De Guindos compareció al término de la cumbre de dos días de los titulares europeos de Economía en Nicosia. Con cierto aire optimista, quitó hierro a las urgencias que se escuchan a diario por toda Europa y rechazó la necesidad de pronunciarse de forma inminente sobre el posible rescate. Justificó su actitud por la evolución registrada en los mercados después de que el BCE anunciara su plan para comprar deuda de forma ilimitada.
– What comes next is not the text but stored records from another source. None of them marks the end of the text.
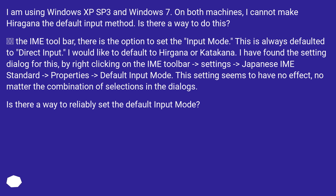In the IME toolbar, there is the option to set the input mode. This is always defaulted to direct input. I would like to default to Hiragana or Katakana. I have found the setting dialog for this by right-clicking on the IME toolbar, then Settings, then Japanese IME Standard, then Properties, then Default Input Mode. This setting seems to have no effect, no matter the combination of selections in the dialogs. Is there a way to reliably set the default input mode?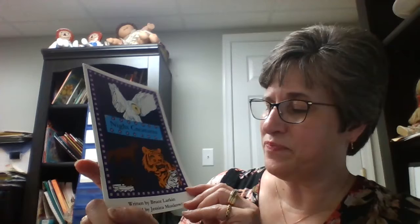Hi everyone. Here's another book that we can use to help us practice using initial consonants to figure out what a word says before we look at the pictures. This book is full of animals that are night creatures. It's written by Bruce Larkin and it's illustrated by Jessica Moskowitz. Now we have a clue that these animals all come out in the night.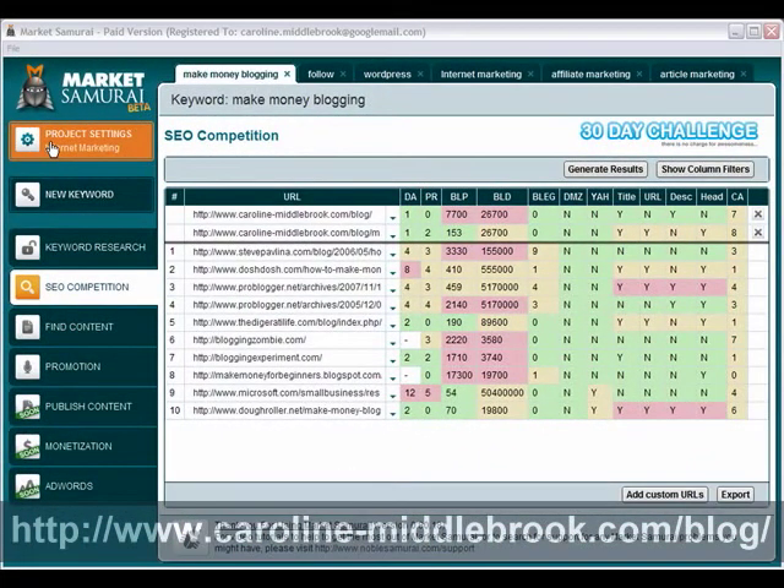Hi there, this is Caroline Middlebrook here and today I want to show you a little video about Market Samurai and a new feature they have just released. I've put a couple of videos about Market Samurai on this blog before showing you some of the keyword research and competition analysis, and it's another addition to the competition analysis which they have released today. I'm here in a project to do with internet marketing and I have a keyword here called make money blogging.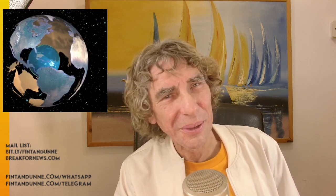Back with more soon. But in the meantime, for BreakForNews.com, this has been Vincent Dunne reporting. See you soon. Thanks for joining me.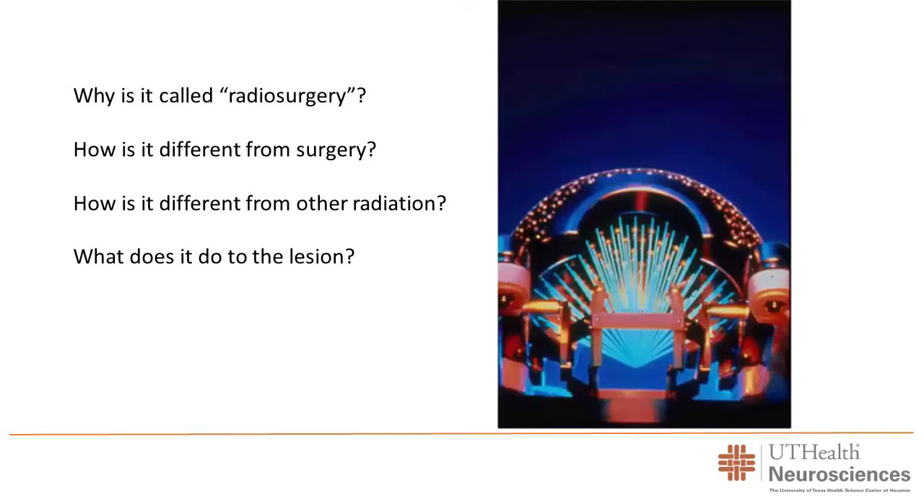Why is it called radiosurgery? Because unlike standard radiation — just one big beam through the whole patient — this is more focused and precise, like surgery. In many instances, this technology can replace the need for surgery entirely, hence the term radiosurgery. But unlike regular surgery, we don't operate on the patient. There's no incision, recovery time is lower, and it's different from other types of radiation by being so focused.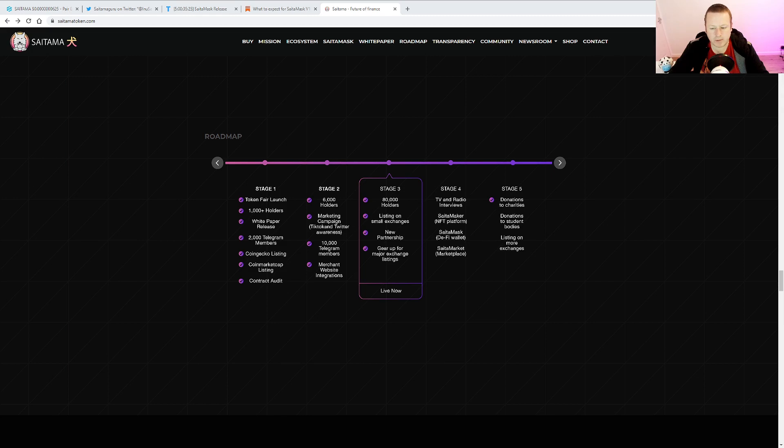Let me take a look at the roadmap. We've got stages one, two, and three all completed — probably not as quick as the team wanted, but completed. And we start to move into stage four: TV and radio interviews, where we know Russ has got a NASDAQ interview over the next week — likely after the launch of Saitamask. We're then expecting the NFT platform, Saitamask, and we'll obviously be getting on the Saitama market. I think things will move pretty quickly once Saitamask goes live, bringing a lot more people to cryptocurrency.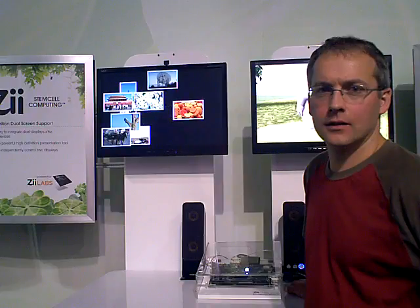This booth seems to tell us that Z supports high definition dual screen support. You're talking about high definition on two screens? That's correct.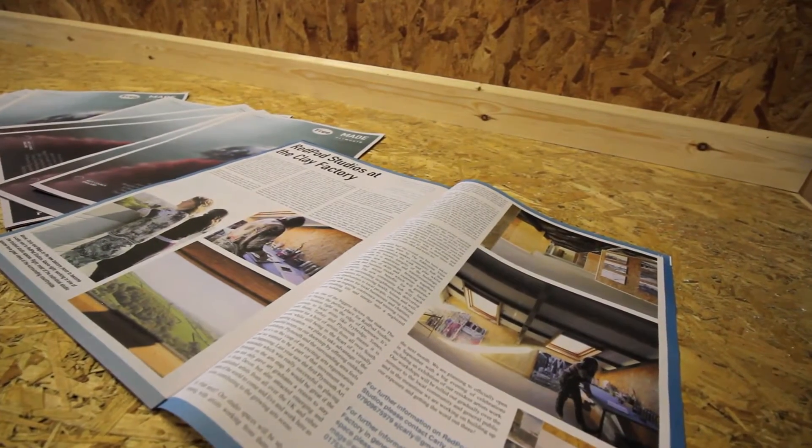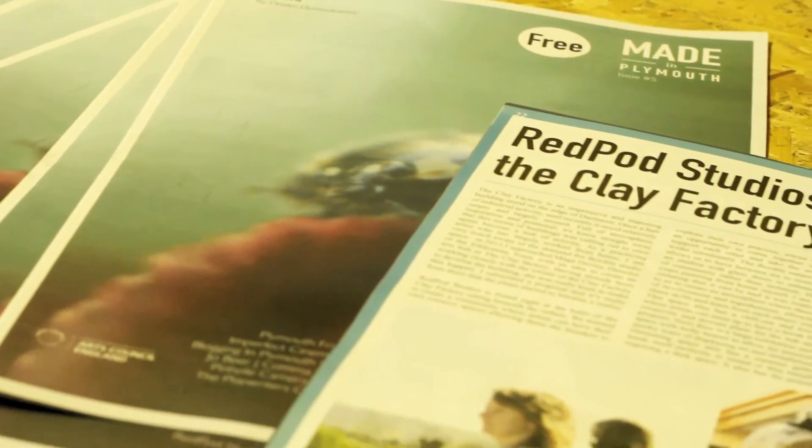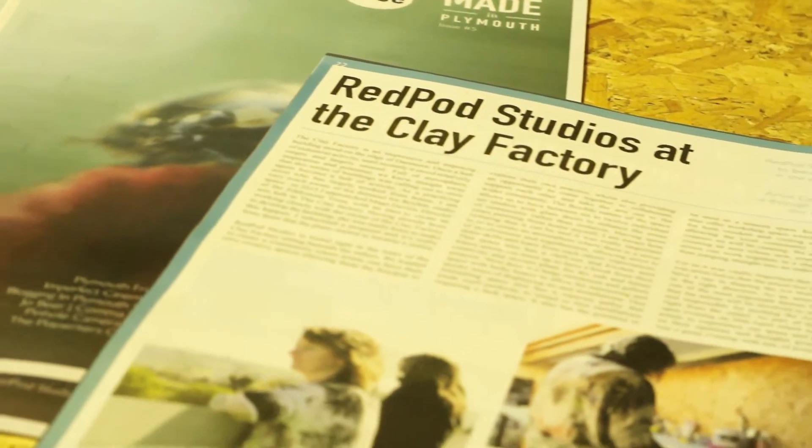Redpod Studios is a brand new creative arts hub right in the centre of a clay factory. It's basically for local emerging and more established artists to get together to collaborate on projects, have their own creative space, and also to take the arts out to the wider community. Redpod Studios is different because it's artist-led, so any artists that get involved from the beginning or along the journey are going to be instrumental in shaping the direction that Redpod Studios goes in.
El propio emisor del euro admitió al presentar su plan de adquisición de bonos que los inversores castigaban en gran medida a España e Italia por su miedo al colapso de la moneda única. De Guindos hizo ayer suyo el discurso del BCE y el Eurogrupo. «Más que pedir un rescate o no, lo importante es cumplir con el déficit y aplicar las reformas que necesita España», proclamó.
En el primer apartado, el titular de Finanzas pronosticó que los ajustes aprobados en julio serán «suficientes» para alcanzar la meta de gasto de este año. Bajo esta premisa, el Gobierno no tendría que volver a meter la tijera más allá de los 65.000 millones que se ahorrarán hasta 2014. De esta cantidad, 13.500 millones corresponden a lo que queda de ejercicio.
Discrepancias
El primer debate sobre la unión bancaria dejó un poso de división entre los socios de la UE. Los ministros de Economía de los Veintisiete analizaron ayer la propuesta de la Comisión para crear un supervisor único para las entidades. El plan incluye la recapitalización directa del sector, lo que eliminaría de las cuentas públicas españolas el peso del salvavidas de 100.000 millones para la banca.
La unión bancaria prevé transferir al BCE los poderes necesarios para supervisar los 6.000 bancos de la zona euro. Alemania reiteró en Chipre su oposición.